### Problem to solve:
In this exercise, write out the data word for word and leave every image out.

[Data to use]

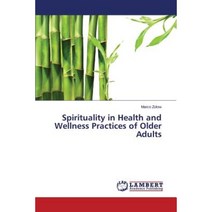 Spirituality in Health and Wellness Practices of Older Adults Paperback, LAP Lambert Academic Publishing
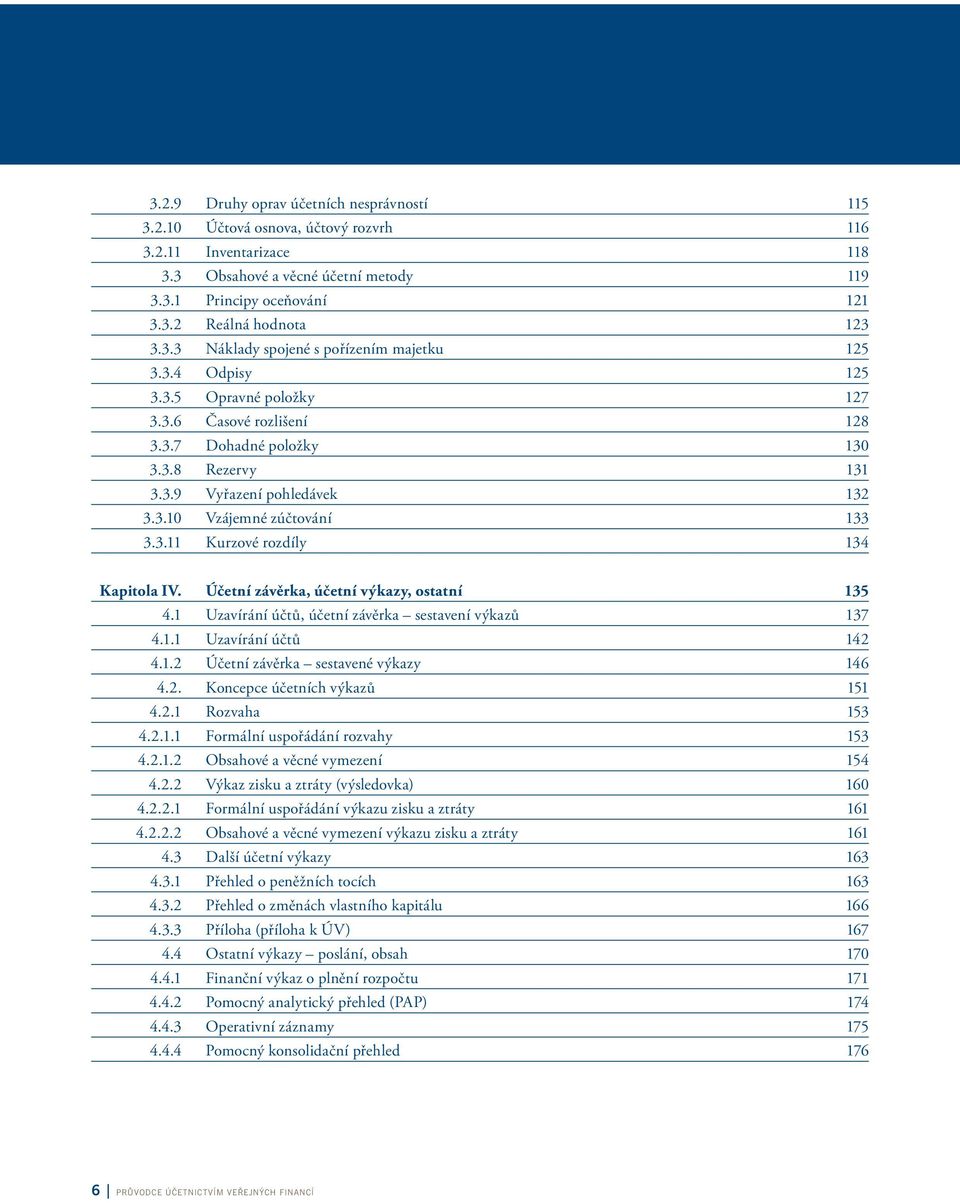 3.11 Kurzové rozdíly 134 Kapitola IV. Účetní závěrka, účetní výkazy, ostatní 135 4.1 Uzavírání účtů, účetní závěrka sestavení výkazů 137 4.1.1 Uzavírání účtů 142 4.1.2 Účetní závěrka sestavené výkazy 146 4.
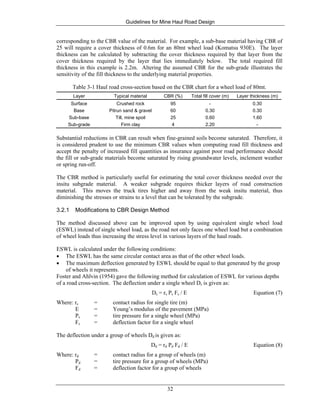 Guidelines for Mine Haul Road Design
32
corresponding to the CBR value of the material. For example, a sub-base material having CBR of
25 will require a cover thickness of 0.6m for an 80mt wheel load (Komatsu 930E). The layer
thickness can be calculated by subtracting the cover thickness required by that layer from the
cover thickness required by the layer that lies immediately below. The total required fill
thickness in this example is 2.2m. Altering the assumed CBR for the sub-grade illustrates the
sensitivity of the fill thickness to the underlying material properties.
Table 3-1 Haul road cross-section based on the CBR chart for a wheel load of 80mt.
Layer Typical material CBR (%) Total fill cover (m) Layer thickness (m)
Surface Crushed rock 95 - 0.30
Base Pitrun sand & gravel 60 0.30 0.30
Sub-base Till, mine spoil 25 0.60 1.60
Sub-grade Firm clay 4 2.20 -
Substantial reductions in CBR can result when fine-grained soils become saturated. Therefore, it
is considered prudent to use the minimum CBR values when computing road fill thickness and
accept the penalty of increased fill quantities as insurance against poor road performance should
the fill or sub-grade materials become saturated by rising groundwater levels, inclement weather
or spring run-off.
The CBR method is particularly useful for estimating the total cover thickness needed over the
insitu subgrade material. A weaker subgrade requires thicker layers of road construction
material. This moves the truck tires higher and away from the weak insitu material, thus
diminishing the stresses or strains to a level that can be tolerated by the subgrade.
3.2.1 Modifications to CBR Design Method
The method discussed above can be improved upon by using equivalent single wheel load
(ESWL) instead of single wheel load, as the road not only faces one wheel load but a combination
of wheel loads thus increasing the stress level in various layers of the haul roads.
ESWL is calculated under the following conditions:
• The ESWL has the same circular contact area as that of the other wheel loads.
• The maximum deflection generated by ESWL should be equal to that generated by the group
of wheels it represents.
Foster and Ahlvin (1954) gave the following method for calculation of ESWL for various depths
of a road cross-section. The deflection under a single wheel Ds is given as:
Ds = rs Ps Fs / E Equation (7)
Where: rs = contact radius for single tire (m)
E = Young’s modulus of the pavement (MPa)
Ps = tire pressure for a single wheel (MPa)
Fs = deflection factor for a single wheel
The deflection under a group of wheels Dd is given as:
Dd = rd Pd Fd / E Equation (8)
Where: rd = contact radius for a group of wheels (m)
Pd = tire pressure for a group of wheels (MPa)
Fd = deflection factor for a group of wheels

[/Data to use]

### Your solution:
 Spirituality in Health and Wellness Practices of Older Adults Paperback, LAP Lambert Academic Publishing
 3.11 Kurzové rozdíly 134 Kapitola IV. Účetní závěrka, účetní výkazy, ostatní 135 4.1 Uzavírání účtů, účetní závěrka sestavení výkazů 137 4.1.1 Uzavírání účtů 142 4.1.2 Účetní závěrka sestavené výkazy 146 4.
 Guidelines for Mine Haul Road Design
32
corresponding to the CBR value of the material. For example, a sub-base material having CBR of
25 will require a cover thickness of 0.6m for an 80mt wheel load (Komatsu 930E). The layer
thickness can be calculated by subtracting the cover thickness required by that layer from the
cover thickness required by the layer that lies immediately below. The total required fill
thickness in this example is 2.2m. Altering the assumed CBR for the sub-grade illustrates the
sensitivity of the fill thickness to the underlying material properties.
Table 3-1 Haul road cross-section based on the CBR chart for a wheel load of 80mt.
Layer Typical material CBR (%) Total fill cover (m) Layer thickness (m)
Surface Crushed rock 95 - 0.30
Base Pitrun sand & gravel 60 0.30 0.30
Sub-base Till, mine spoil 25 0.60 1.60
Sub-grade Firm clay 4 2.20 -
Substantial reductions in CBR can result when fine-grained soils become saturated. Therefore, it
is considered prudent to use the minimum CBR values when computing road fill thickness and
accept the penalty of increased fill quantities as insurance against poor road performance should
the fill or sub-grade materials become saturated by rising groundwater levels, inclement weather
or spring run-off.
The CBR method is particularly useful for estimating the total cover thickness needed over the
insitu subgrade material. A weaker subgrade requires thicker layers of road construction
material. This moves the truck tires higher and away from the weak insitu material, thus
diminishing the stresses or strains to a level that can be tolerated by the subgrade.
3.2.1 Modifications to CBR Design Method
The method discussed above can be improved upon by using equivalent single wheel load
(ESWL) instead of single wheel load, as the road not only faces one wheel load but a combination
of wheel loads thus increasing the stress level in various layers of the haul roads.
ESWL is calculated under the following conditions:
• The ESWL has the same circular contact area as that of the other wheel loads.
• The maximum deflection generated by ESWL should be equal to that generated by the group
of wheels it represents.
Foster and Ahlvin (1954) gave the following method for calculation of ESWL for various depths
of a road cross-section. The deflection under a single wheel Ds is given as:
Ds = rs Ps Fs / E Equation (7)
Where: rs = contact radius for single tire (m)
E = Young’s modulus of the pavement (MPa)
Ps = tire pressure for a single wheel (MPa)
Fs = deflection factor for a single wheel
The deflection under a group of wheels Dd is given as:
Dd = rd Pd Fd / E Equation (8)
Where: rd = contact radius for a group of wheels (m)
Pd = tire pressure for a group of wheels (MPa)
Fd = deflection factor for a group of wheels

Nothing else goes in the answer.